[Start of section]

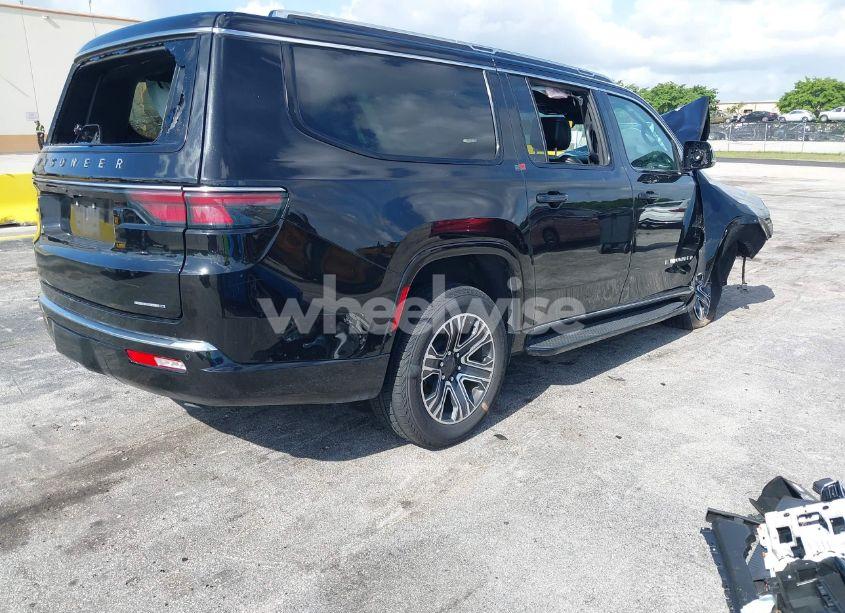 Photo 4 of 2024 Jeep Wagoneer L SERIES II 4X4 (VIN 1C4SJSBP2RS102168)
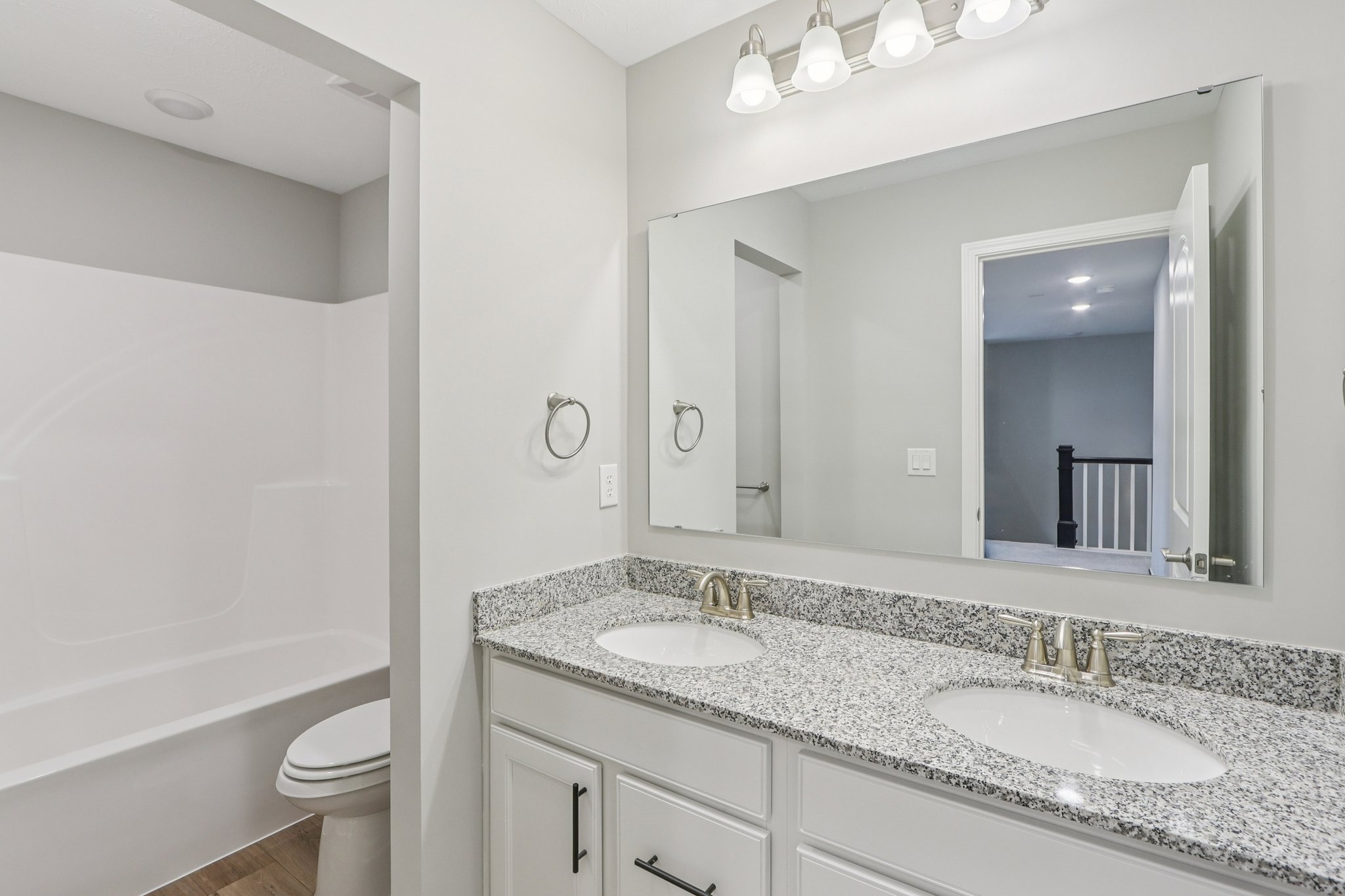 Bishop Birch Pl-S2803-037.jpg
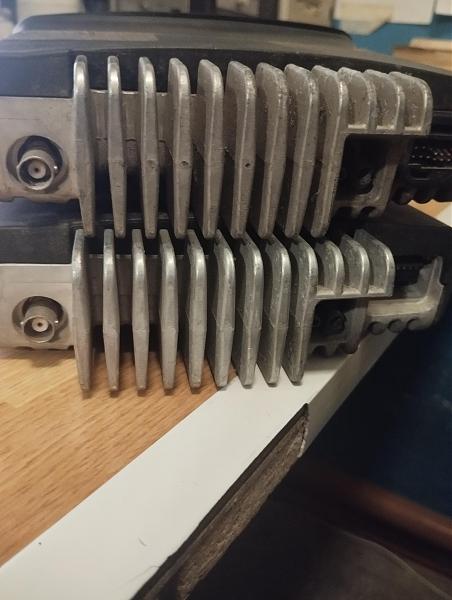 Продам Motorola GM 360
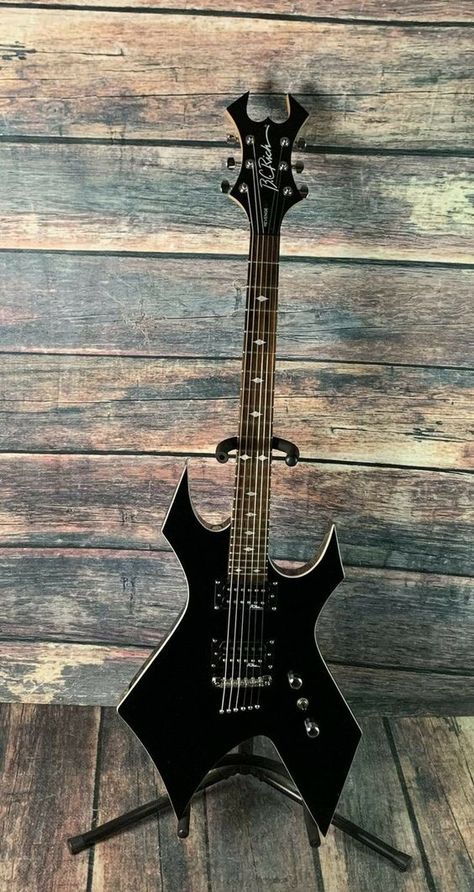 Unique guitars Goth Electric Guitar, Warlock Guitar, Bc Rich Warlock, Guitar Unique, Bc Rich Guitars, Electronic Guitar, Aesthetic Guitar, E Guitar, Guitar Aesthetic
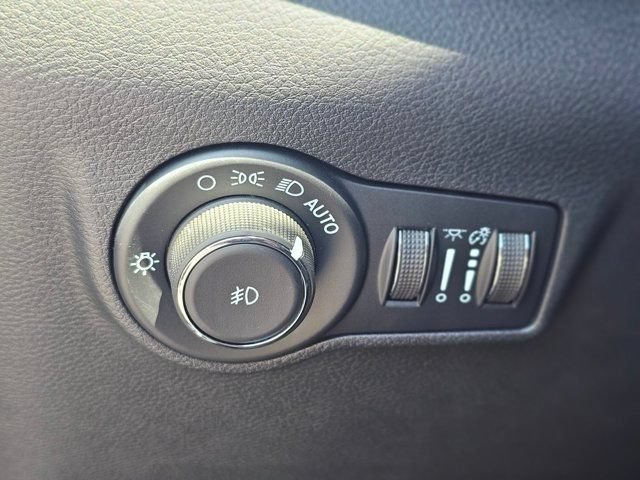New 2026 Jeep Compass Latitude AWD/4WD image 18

[End of section]

THE PROBLEM: Leave the images out. Set down all of the material above exactly.

PROBLEM SOLUTION:
 Photo 4 of 2024 Jeep Wagoneer L SERIES II 4X4 (VIN 1C4SJSBP2RS102168)
 Bishop Birch Pl-S2803-037.jpg
 Продам Motorola GM 360
 Unique guitars Goth Electric Guitar, Warlock Guitar, Bc Rich Warlock, Guitar Unique, Bc Rich Guitars, Electronic Guitar, Aesthetic Guitar, E Guitar, Guitar Aesthetic
New 2026 Jeep Compass Latitude AWD/4WD image 18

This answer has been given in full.